Re: Can we lower the LD entry cost please (part 1)? from Yves Raimond on 2009-02-07 (public-lod@w3.org from February 2009)

From: Yves Raimond <yves.raimond@gmail.com>
Date: Sat, 7 Feb 2009 15:18:18 +0000
To: Hugh Glaser <hg@ecs.soton.ac.uk>
Cc: "public-lod@w3.org" <public-lod@w3.org>
Message-ID: <82593ac00902070718r7873122alf657e81298027d3c@mail.gmail.com>
Hello!

On Sat, Feb 7, 2009 at 2:31 PM, Hugh Glaser <hg@ecs.soton.ac.uk> wrote:
> Hi Yves,
> Thank you for the response.
> Yes, you are right - when we have taken over the world, there will be powerful systems to help us do this, and I can be a happy little data provider, while others provide my search and linkage.
> But when we try to tell people that we have this wonderful resource called Musicbrainz, which is part of the amazing LOD cloud, (I think I saw evidence of such a talk recently), what experience do the excited listeners get when they go away and try to join?
> After quite a lot of work they will have concluded, at best, that this is system infrastructure for gurus, and so they can do a bit of browsing a bit like wikipedia but not as pleasant, and it is not relevant to them.
> I have just failed to find Telemann on Musicbrainz, I'm afraid, (musicbrainz.org or Sindice) although I only spent a few minutes - but why so hard?

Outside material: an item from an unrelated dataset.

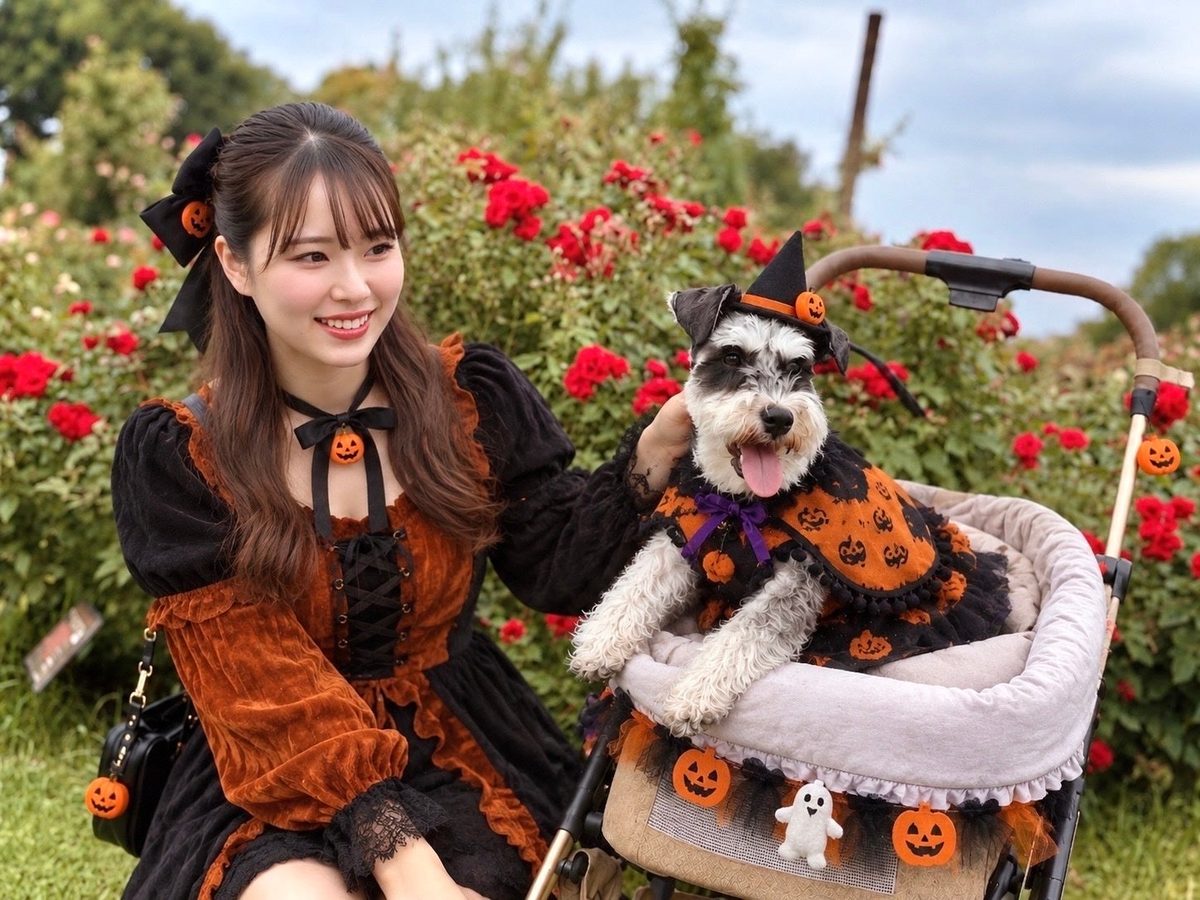 京成バラ園の愛犬コスプレDAYのイメージ。ペットカートに乗った犬とハロウィン衣装の来園者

Just typing "telemann musicbrainz" in Google led me directly to:
http://musicbrainz.org/artist/8f831f50-e409-47c3-8598-71a61bc8cfb3
I don't consider that as particularly hard!


> Perhaps all I wanted to do was use his URI to identify him unambiguously, using a little tool that lets me say I (dis)like his music, but it is just so hard.
> OK, maybe my sort of use case is not what the community cares about - so be it, but I think I should be able to do it, and do it now.
> These sort of links are really valuable - there might not be so many of them, but they can carry a lot of information.
> I can tell you we have over 1M links to the dblp world from rkbexplorer, but since the data is substantially the same, I don't consider them as valuable.
> On the other hand, we have 174 links from nsf to cordis and 183 the other way - now that is value. How did we create them? By a lot of work, and the ability to search.
>
> So I agree in principle with your view of separating out these things.
> But I don't think we have the time, and while we fail to deliver this, possible recruits are turning away.
> Is all this publishing work to founder because the Sindice team is not big enough to cope, or no-one seems to be building the linkage systems, all because the data providers do not want to offer a simple search facility?
>

On a side-note, there are at least three interlinkage systems I know
of (Georgi's, LinkedMDB's and mine). Most dataset provide a SPARQL
end-point allowing to make such specific-dataset-to-specific dataset
linkage easy enough. Having a SPARQL interface makes interlinking
*much* more reliable, because you know exactly what happens. If you
provide me with a simple text search, I won't have any clue how your
inner searching process works (are you retrieving all resources which
label matches the search term? are you building an index on
neighboring literals?), and I won't be able to draw satisfying
interlinking conclusion.

Best,
y

> Best
> Hugh
>
> By the way, I am not suggesting that any identifiers such as GUIDs or PIDs should be read by humans - more the opposite. My agent should be able to find them easily and then ask me if that was what I meant, using words.
>
> On 07/02/2009 13:39, "Yves Raimond" <yves.raimond@gmail.com> wrote:
>
>
> I think this is a really dangerous idea. Most "web-scale" identifiers,
> eg Musicbrainz GUIDs and BBC PIDs are not human readable (for a lot of
> reasons, and mainly because human-readable identifiers are not unique
> enough!!), but both provide really easy-to-use lookup service.
> Such lookups, for other sites, can be provided by semantic web search
> engines. It is exactly as in the document web: web identifiers are
> mostly opaque, but search engines are here to provide the help needed.
>
> So my proposal is: let's not confuse everything. Some people's job is
> to make datasets available out there and as linked as possible to
> others. Some other people make lookup services (eg Sindice), and I
> think this separation of concerns works quite well.
>
> Best,
> y
>
>
>
Received on Saturday, 7 February 2009 15:18:52 UTC